■ PROBLEM STATEMENT: Retype the listing below exactly, pictures removed.

■ RECORDS FOR PROCESSING:
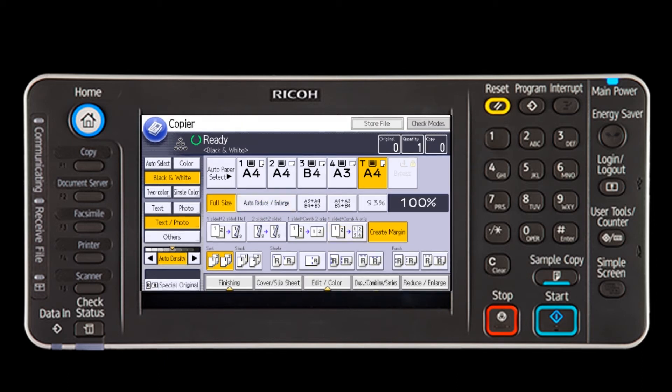Next in line on the third row on the display is the create margin button. Selecting this will reduce the image to 93% of its original size and places the reduced image at the center of the page.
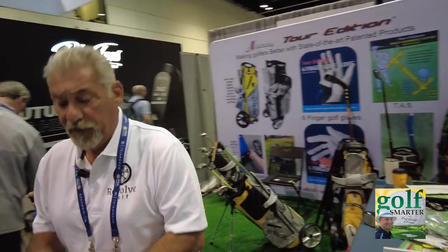Are these available to the public? Yes — we have yellow, blue, and black just like this. They're available right now at revolvegolf.com. Right now we're at $349.99 and we have a $50 coupon — PGA Show 2023 — so it's $300 right now.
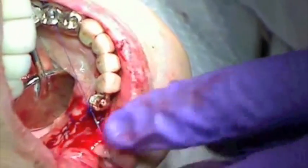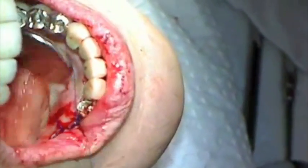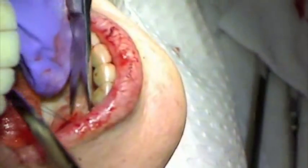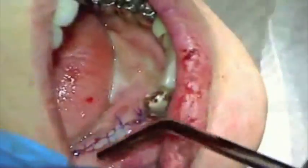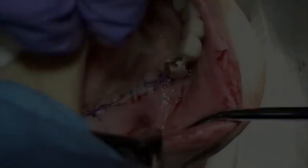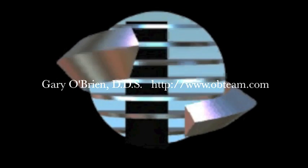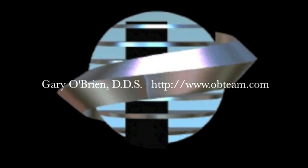After the final suture is placed, the area will be cleaned and evaluated for good primary closure. This video is part of an educational series developed to help doctors in treatment planning and diagnosis, surgical placement, and restoration of dental implants.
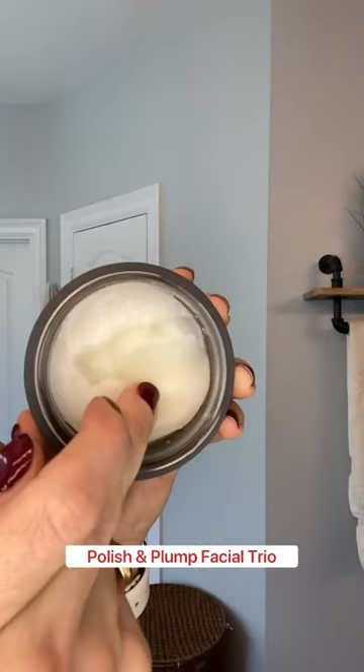Come get ready with me for a Christmas party. We're going to start with the cleansing balm. This is an oil-based cleanser that's just going to melt all your makeup off while also cleansing and nourishing your skin.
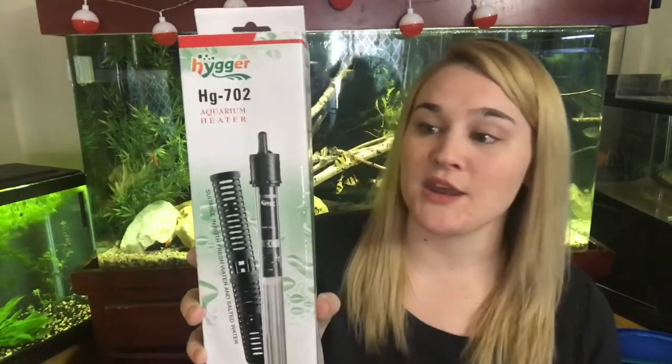Hey guys, I'm Annie. I am Turbofish's wife. I'm hopping on here to give a quick review of a heater that we had purchased off of Amazon per recommendation by a friend of Turbo's, and so far we've really enjoyed it. It is the Heiger heater.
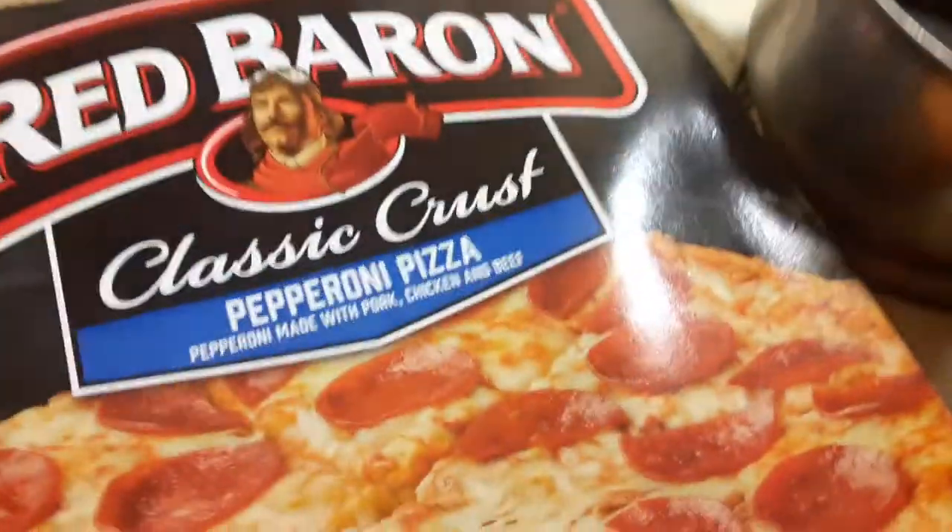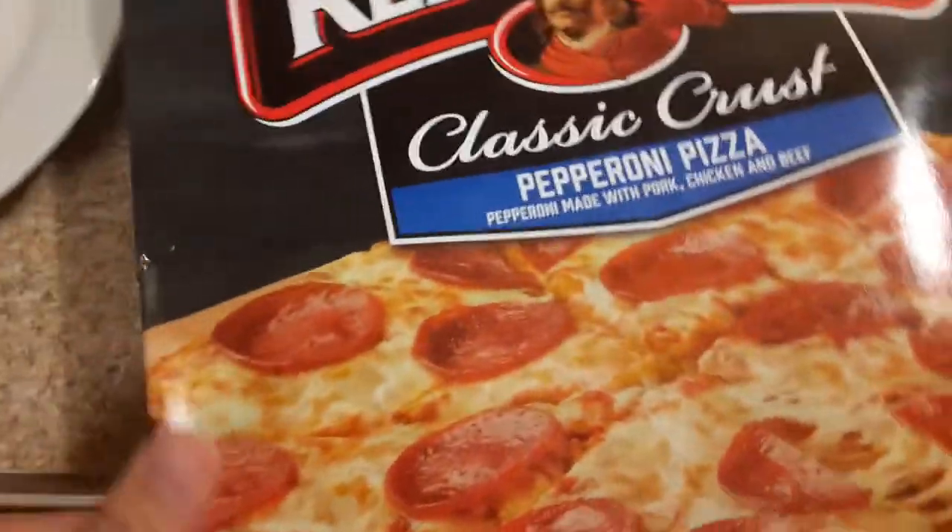So we got red bearing classic crust. I'm gonna add a few jalapenos on this one.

■ YOUR SOLUTION:
Next in line on the third row on the display is the create margin button. Selecting this will reduce the image to 93% of its original size and places the reduced image at the center of the page.
Are these available to the public? Yes — we have yellow, blue, and black just like this. They're available right now at revolvegolf.com. Right now we're at $349.99 and we have a $50 coupon — PGA Show 2023 — so it's $300 right now.
After the final suture is placed, the area will be cleaned and evaluated for good primary closure. This video is part of an educational series developed to help doctors in treatment planning and diagnosis, surgical placement, and restoration of dental implants.
Come get ready with me for a Christmas party. We're going to start with the cleansing balm. This is an oil-based cleanser that's just going to melt all your makeup off while also cleansing and nourishing your skin.
Hey guys, I'm Annie. I am Turbofish's wife. I'm hopping on here to give a quick review of a heater that we had purchased off of Amazon per recommendation by a friend of Turbo's, and so far we've really enjoyed it. It is the Heiger heater.
So we got red bearing classic crust. I'm gonna add a few jalapenos on this one.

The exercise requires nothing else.